Maryland Rolls Out New Nutrient Trading Regs

 The Maryland Department of the Environment has proposed regulations to establish the Maryland Water Quality Trading Program and accelerate the restoration of the Chesapeake Bay while bringing economic benefits to Maryland. The regulations are proposed under Maryland environmental law to ensure enforcement and accountability under the federal Clean Water Act.

The proposed regulations are designed to provide greater flexibility and reduce costs in achieving Maryland’s goals under its blueprint to meet federal pollution limits for the Bay. The voluntary program would establish a marketplace for private sector participation in meeting Bay cleanup goals.

Nutrient and sediment credit trading offer attractive alternatives to more costly traditional approaches for improving water quality and have the potential to achieve results more quickly and at a lower cost, accelerating efforts to restore and improve water quality. The trading program that would be established by the proposed regulations expands opportunities for all sources by giving them access to a water quality marketplace and flexibility in meeting and maintaining their pollution limits by acquiring credits generated from load reductions in local watersheds in Maryland’s portion of the Chesapeake Bay watershed.
. . .
The Maryland Water Quality Trading Program will allow agricultural sources that have reduced their pollution beyond the required “baseline” to produce credits that can be purchased by counties or municipalities to meet Bay cleanup requirements to reduce polluted stormwater runoff. The cost of reducing nitrogen could be as low as $200 per pound in the agriculture sector, compared to an estimated $3,800 per pound for urban retrofits to reduce stormwater runoff.
So really, this allows the relatively clean agriculture industry to sell their cleanliness to the dirty cities like Baltimore instead of cleaning up their own shit. I approve of the idea in principle, but we are constantly being bombarded with "news" about how dirty agriculture is, and how hard the cities are trying to get their shit together, when the truth is approximately the direct opposite.

Praise was not exactly universal:
 Officials with the Chesapeake Bay Foundation, a nonprofit that advocates for bay restoration, said the regulations are an important step but have some flaws they believe should be fixed.

For example, credits can be traded within three regions: the Potomac River watershed, the Patuxent River watershed and a third area that includes the rest of the Western Shore, Eastern Shore and the Susquehanna River.

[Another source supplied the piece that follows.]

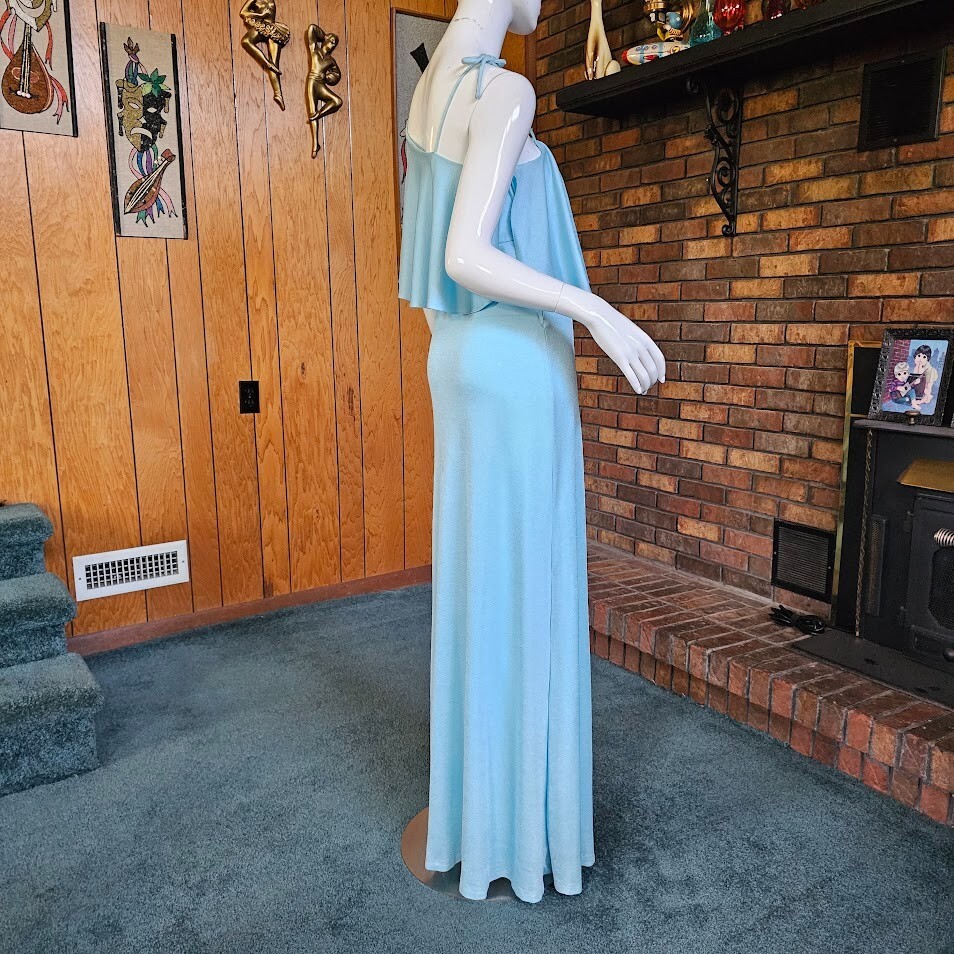 Vtg 70s Disco Cold Shoulder Soul Train Liquid Jersey Maxi Evening Dress Gown S/M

Doug Myers, a senior scientist at the bay foundation, said that third region is just too big, creating the possibility that polluters in one area could buy a lot of credits from areas across the bay — and still allowing localized pollution.
An excellent point. The urban pollution is concentrated in three areas, Washington D.C., Baltimore, and the Virginia Beach/Norfolk area. The agriculture is located a fair way outside these areas. If trading allows continued nutrient input in the urban centers, the waterways nearby will continue to be sewers.